■ Task prompt ■
Lines holding the string "Bedroom" are the ones to copy; find them all in the data.

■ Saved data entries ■
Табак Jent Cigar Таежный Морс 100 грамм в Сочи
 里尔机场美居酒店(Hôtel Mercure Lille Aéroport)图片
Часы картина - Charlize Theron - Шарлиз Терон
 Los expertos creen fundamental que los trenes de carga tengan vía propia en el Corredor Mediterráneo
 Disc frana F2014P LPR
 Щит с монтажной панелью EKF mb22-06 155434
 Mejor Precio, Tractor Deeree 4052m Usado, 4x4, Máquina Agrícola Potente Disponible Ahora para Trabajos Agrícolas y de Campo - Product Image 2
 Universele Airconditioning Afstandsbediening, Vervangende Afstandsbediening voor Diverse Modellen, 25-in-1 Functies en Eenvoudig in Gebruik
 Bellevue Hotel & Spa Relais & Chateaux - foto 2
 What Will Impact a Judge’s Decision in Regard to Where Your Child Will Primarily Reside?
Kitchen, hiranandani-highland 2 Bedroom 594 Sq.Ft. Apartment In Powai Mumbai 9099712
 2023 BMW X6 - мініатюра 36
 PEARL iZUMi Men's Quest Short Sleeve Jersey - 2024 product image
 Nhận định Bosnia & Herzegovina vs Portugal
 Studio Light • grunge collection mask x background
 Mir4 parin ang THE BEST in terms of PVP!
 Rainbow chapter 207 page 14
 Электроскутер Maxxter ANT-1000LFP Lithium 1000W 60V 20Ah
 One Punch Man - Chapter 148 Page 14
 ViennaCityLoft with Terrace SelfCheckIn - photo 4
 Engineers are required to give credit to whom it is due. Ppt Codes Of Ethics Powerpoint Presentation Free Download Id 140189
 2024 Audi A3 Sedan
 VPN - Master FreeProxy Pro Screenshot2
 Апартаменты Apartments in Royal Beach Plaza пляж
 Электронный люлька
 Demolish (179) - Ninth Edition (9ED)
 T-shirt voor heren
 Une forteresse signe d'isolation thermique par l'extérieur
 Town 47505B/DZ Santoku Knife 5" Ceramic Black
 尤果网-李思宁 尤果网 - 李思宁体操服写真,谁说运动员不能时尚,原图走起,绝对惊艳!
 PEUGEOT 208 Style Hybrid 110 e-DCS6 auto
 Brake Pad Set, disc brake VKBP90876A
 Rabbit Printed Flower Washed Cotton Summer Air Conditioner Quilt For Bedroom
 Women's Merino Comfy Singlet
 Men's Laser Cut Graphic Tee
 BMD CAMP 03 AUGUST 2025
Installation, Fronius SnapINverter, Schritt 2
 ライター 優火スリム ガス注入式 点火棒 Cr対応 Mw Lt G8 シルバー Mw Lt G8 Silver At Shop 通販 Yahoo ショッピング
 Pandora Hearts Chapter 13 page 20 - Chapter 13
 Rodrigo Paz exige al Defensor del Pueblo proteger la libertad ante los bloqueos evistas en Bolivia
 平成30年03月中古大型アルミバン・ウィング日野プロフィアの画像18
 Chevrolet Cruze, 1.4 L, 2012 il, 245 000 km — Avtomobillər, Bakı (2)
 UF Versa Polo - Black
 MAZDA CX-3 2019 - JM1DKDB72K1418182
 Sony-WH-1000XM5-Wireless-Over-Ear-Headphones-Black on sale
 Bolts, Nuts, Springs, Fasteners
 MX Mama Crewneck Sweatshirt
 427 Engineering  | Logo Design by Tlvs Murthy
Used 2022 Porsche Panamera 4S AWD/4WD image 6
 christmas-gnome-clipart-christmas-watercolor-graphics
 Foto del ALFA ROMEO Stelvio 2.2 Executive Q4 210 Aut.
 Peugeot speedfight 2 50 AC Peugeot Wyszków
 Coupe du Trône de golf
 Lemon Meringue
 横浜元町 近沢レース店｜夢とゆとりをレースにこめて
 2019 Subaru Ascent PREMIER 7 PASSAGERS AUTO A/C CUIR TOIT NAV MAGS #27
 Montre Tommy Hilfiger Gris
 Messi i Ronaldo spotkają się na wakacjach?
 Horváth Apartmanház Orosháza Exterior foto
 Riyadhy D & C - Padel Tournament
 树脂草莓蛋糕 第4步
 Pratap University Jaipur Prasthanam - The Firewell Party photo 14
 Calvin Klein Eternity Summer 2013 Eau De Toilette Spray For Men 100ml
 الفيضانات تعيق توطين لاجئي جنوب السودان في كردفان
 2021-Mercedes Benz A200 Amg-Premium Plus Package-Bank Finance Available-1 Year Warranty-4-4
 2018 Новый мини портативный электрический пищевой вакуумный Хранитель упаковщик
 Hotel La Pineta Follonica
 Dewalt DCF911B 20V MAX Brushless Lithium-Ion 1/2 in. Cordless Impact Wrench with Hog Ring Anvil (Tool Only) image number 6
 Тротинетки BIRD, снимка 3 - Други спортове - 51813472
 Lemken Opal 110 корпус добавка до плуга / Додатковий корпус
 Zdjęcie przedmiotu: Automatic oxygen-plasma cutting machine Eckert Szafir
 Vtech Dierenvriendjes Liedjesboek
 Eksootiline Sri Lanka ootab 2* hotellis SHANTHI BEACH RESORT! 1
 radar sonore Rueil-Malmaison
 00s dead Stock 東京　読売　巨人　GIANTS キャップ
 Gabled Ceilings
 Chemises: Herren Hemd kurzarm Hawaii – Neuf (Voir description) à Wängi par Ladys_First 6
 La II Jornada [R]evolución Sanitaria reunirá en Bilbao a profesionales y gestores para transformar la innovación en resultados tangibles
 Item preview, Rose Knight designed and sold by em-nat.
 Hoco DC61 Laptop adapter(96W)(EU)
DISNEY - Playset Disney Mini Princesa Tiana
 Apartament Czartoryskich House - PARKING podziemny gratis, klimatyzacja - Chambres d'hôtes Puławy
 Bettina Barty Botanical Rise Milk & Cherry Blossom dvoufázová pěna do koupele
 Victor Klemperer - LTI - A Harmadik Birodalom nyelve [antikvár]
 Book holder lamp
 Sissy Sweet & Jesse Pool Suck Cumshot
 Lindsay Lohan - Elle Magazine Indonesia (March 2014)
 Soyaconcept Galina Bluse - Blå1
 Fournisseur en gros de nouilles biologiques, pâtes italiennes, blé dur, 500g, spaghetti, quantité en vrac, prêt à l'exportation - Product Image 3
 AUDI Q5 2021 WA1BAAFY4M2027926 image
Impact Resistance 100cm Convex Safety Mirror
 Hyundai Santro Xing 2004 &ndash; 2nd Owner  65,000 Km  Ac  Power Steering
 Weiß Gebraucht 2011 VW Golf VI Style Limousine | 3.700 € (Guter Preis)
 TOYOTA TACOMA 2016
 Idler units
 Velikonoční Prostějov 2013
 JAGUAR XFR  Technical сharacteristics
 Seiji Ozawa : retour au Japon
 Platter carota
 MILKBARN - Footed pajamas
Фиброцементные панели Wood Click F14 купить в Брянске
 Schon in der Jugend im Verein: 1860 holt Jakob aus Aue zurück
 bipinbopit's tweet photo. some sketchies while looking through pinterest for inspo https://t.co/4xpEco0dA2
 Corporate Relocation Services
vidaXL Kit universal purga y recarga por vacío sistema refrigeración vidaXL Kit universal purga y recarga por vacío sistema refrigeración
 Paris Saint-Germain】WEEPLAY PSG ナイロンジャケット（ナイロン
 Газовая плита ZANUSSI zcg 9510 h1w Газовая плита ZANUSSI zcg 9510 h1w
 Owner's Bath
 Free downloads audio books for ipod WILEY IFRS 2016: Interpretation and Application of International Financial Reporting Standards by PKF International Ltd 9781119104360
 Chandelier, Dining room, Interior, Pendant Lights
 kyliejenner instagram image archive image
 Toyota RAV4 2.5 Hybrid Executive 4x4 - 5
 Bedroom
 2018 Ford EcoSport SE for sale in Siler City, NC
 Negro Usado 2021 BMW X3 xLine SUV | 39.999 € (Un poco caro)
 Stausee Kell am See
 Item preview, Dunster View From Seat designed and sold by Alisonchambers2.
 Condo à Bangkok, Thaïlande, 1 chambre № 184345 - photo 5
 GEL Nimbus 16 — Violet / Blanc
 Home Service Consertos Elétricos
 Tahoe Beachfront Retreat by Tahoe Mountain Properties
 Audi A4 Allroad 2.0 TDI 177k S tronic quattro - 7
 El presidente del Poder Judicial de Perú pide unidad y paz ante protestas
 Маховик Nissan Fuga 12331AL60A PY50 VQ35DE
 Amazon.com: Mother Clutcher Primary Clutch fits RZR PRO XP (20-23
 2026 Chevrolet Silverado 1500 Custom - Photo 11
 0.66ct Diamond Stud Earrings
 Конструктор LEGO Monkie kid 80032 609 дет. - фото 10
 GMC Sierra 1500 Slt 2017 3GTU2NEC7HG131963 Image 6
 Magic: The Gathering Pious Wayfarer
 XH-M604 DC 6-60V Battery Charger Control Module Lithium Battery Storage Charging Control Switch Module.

■ Written solution ■
Kitchen, hiranandani-highland 2 Bedroom 594 Sq.Ft. Apartment In Powai Mumbai 9099712
 Rabbit Printed Flower Washed Cotton Summer Air Conditioner Quilt For Bedroom
 Bedroom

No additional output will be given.